Their time outside of the classroom had its own battles though, as they and others, especially Elga Wasserman, special assistant to the president for the education of women, fought for things the female students needed on campus. It included security, broadening health access including contraceptives and gynecological care and even allowing more women to attend.

“She was the strongest woman we knew,” Royster said of Wasserman, adding there weren’t any female heads of colleges or deans when they started.

DaRif remembered how one of her friends and teammates, Lawrie Mifflin, essentially started the field hockey program at Yale. She had been a standout player in high school and looked to sign up for Yale’s field hockey team but was told there wasn’t one, nor any organized sports for women.

“She said, ‘Well that’s not acceptable. How do we start one?’ ” DaRif said.

Mifflin then went to the athletic director and eventually recruited the team to show there was an interest. With a team assembled, she went back to the office and asked about a schedule, but the officials said they weren’t sure what to do. Mifflin then spent the summer reaching out to schools to see if they would play them, crafting the schedule.

When they returned, they were able to have a club team before having a varsity team in place DaRif’s senior year. They eventually had the university get them uniforms and equipment, like they would for the men’s teams, but it wasn’t without some possible embarrassment first, DaRif said.

The team had been playing in t-shirts they all purchased at the co-op and cut off jeans. But when a photo came out of the Princeton team — their upcoming opponents — in nice kilts in the school colors, Yale officials called another another Connecticut school to borrow their powder blue kilts for the game.

“At first, we said we’re not going to wear them because they’re not Yale blue,” DaRif recalled, adding the university bought them kilts the next year.

Royster said students advocated for many things while at Yale, including civil rights and for an end to the Vietnam War.

The May Day protests over Bobby Seale and the Black Panther trials canceled classes and shut down the campus. Even the National Guard was called in. Royster helped organize a performance so that people could express themselves through art.

“It was a civics lesson on the ground,” Royster said.

Perkins said Royster’s roommate and other Yale women were influential in the case, Women v. Connecticut, that overturned Connecticut’s abortion ban before Roe v. Wade.

Their advancements and civic engagement feel especially poignant now 50 or so years later following last week’s overturn of Roe.

“We felt so hopeful,” DaRif said. “We felt we were in the vanguard of proving we should have equal rights, equal protection under the law. We felt we were successful proving to people we weren’t simply second class citizens.”

When DaRif and Royster started college, women were still not allowed to have credit cards in their own names. They needed husbands, she said.

“The strides we made over the last 50 years felt very heartening and this felt like a punch in the gut,” DaRif said.

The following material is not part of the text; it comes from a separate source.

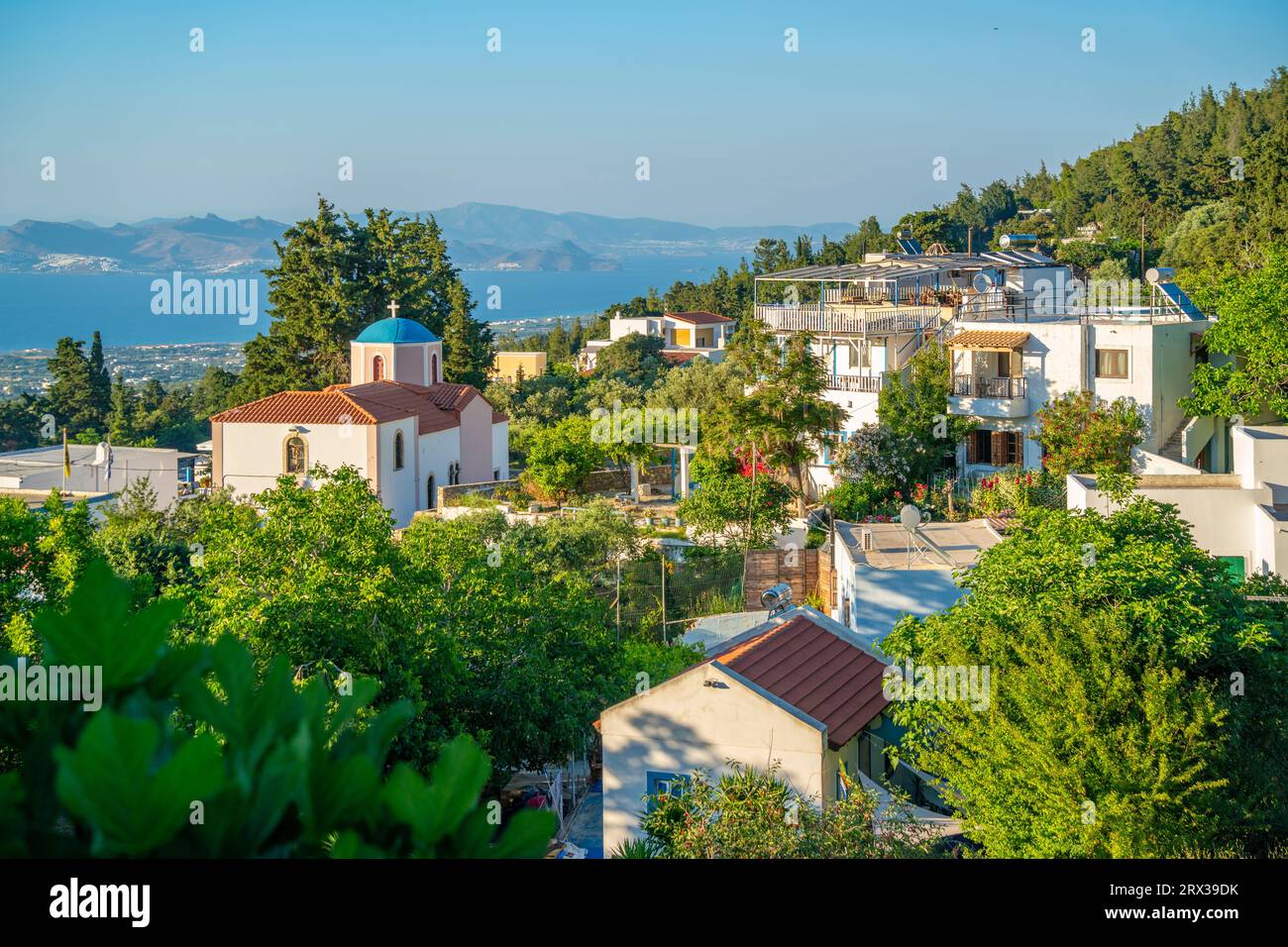 View of Greek Orthodox Church with sea in background, Zia Village, Kos Town, Kos, Dodecanese, Greek Islands, Greece, Europe Stock Photo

Royster said it feels like they’ve turned the clock back, but the struggle continues.

“It’s deja vu but we have to fight,” she said. “We have no choice.”

Royster said few people experienced what they did and so those bonds formed at Yale are some of the most important relationships in her life. She still has a monthly Zoom meeting with her fellow 1972 alumnae.

She even went to a women’s march with some of them.

“We’re getting older but we can still march and protest and we still have to,” Royster said.